The FCA has today proposed a ban on contingent charging for pension transfer advice. In a raft of pensions related publications, the consultation proposing the ban has been issued alongside a policy statement on the longstanding retirement outcomes review and a feedback statement on competition in workplace pensions.
Contingent charging in this context is where the advisory fee (usually a percentage of fund value) is dependent on the client accepting a recommendation to transfer. The FCA is therefore concerned that this can lead to unsuitable advice.
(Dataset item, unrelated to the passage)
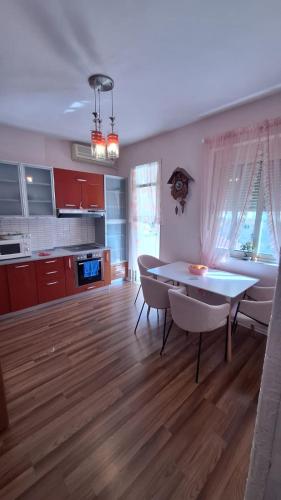 a kitchen and dining room with a table and chairs at CozyFlat in the middle of Tirana in Tirana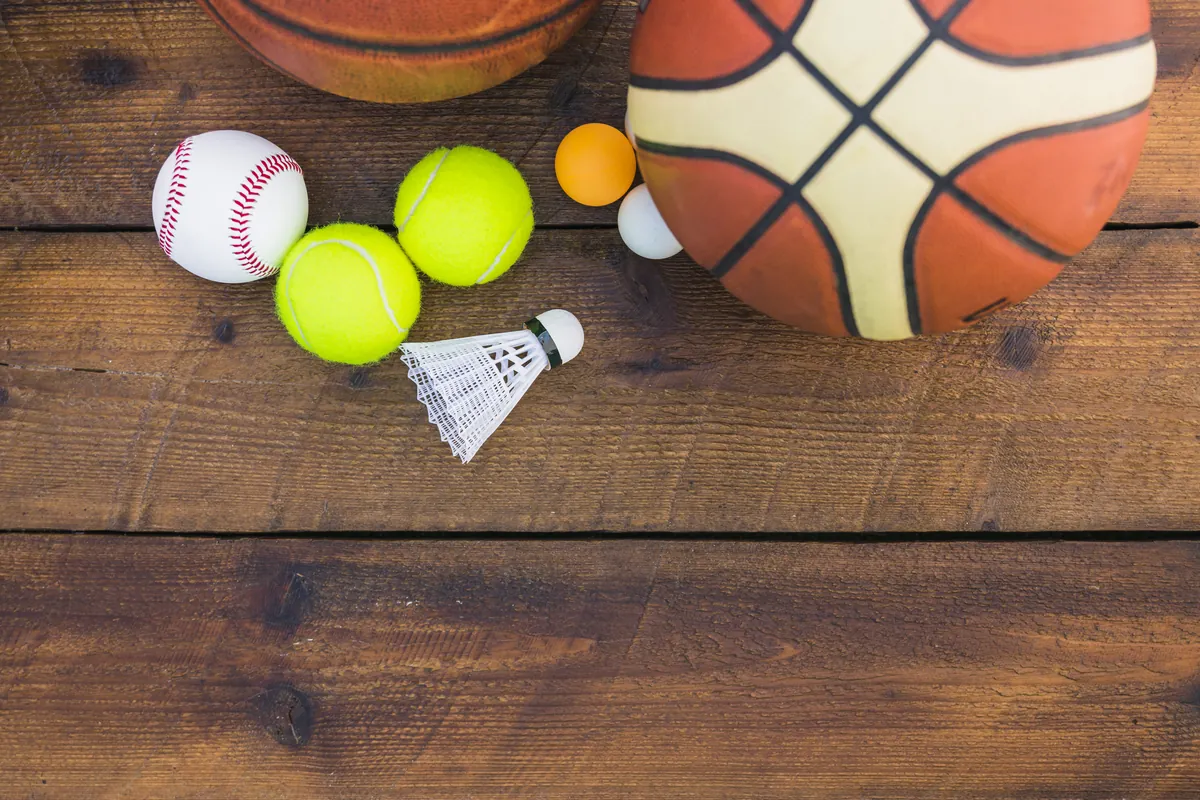 Une balle de tennis, un volant, une balle de baseball et un ballon de basket sur un plancher en bois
CP19/25 - Pension transfer advice : contingent charging and other proposed changes makes the following proposals:
- To ban contingent charging for defined benefit transfers and conversions except for specific groups of consumers with identifiable circumstances. For example, those in poor health or under threat of losing their home.
- To strengthen existing requirements that an available workplace pension should be considered as a receiving scheme in the advice process.
- To improve consumer engagement by improving disclosure of advice charges before the advice process starts and advice and product charge disclosures in suitability reports.
- To introduce a 15 hour CPD requirement for pension transfer specialists on top of any other CPD that they are required to undertake.
- To extend data collection on firms including details of PI insurance cover excesses and exclusions.
- To stop the use of decision trees and 'traffic-light' questionnaires during triage processes.
The consultation closes on 30 October 2019 with finalised rules expected to be issued in the first quarter of 2020.
We will be issuing further comment and guidance on CP19/25, as well as the accompanying papers on workplace pensions and the retirement outcomes review, in the near future.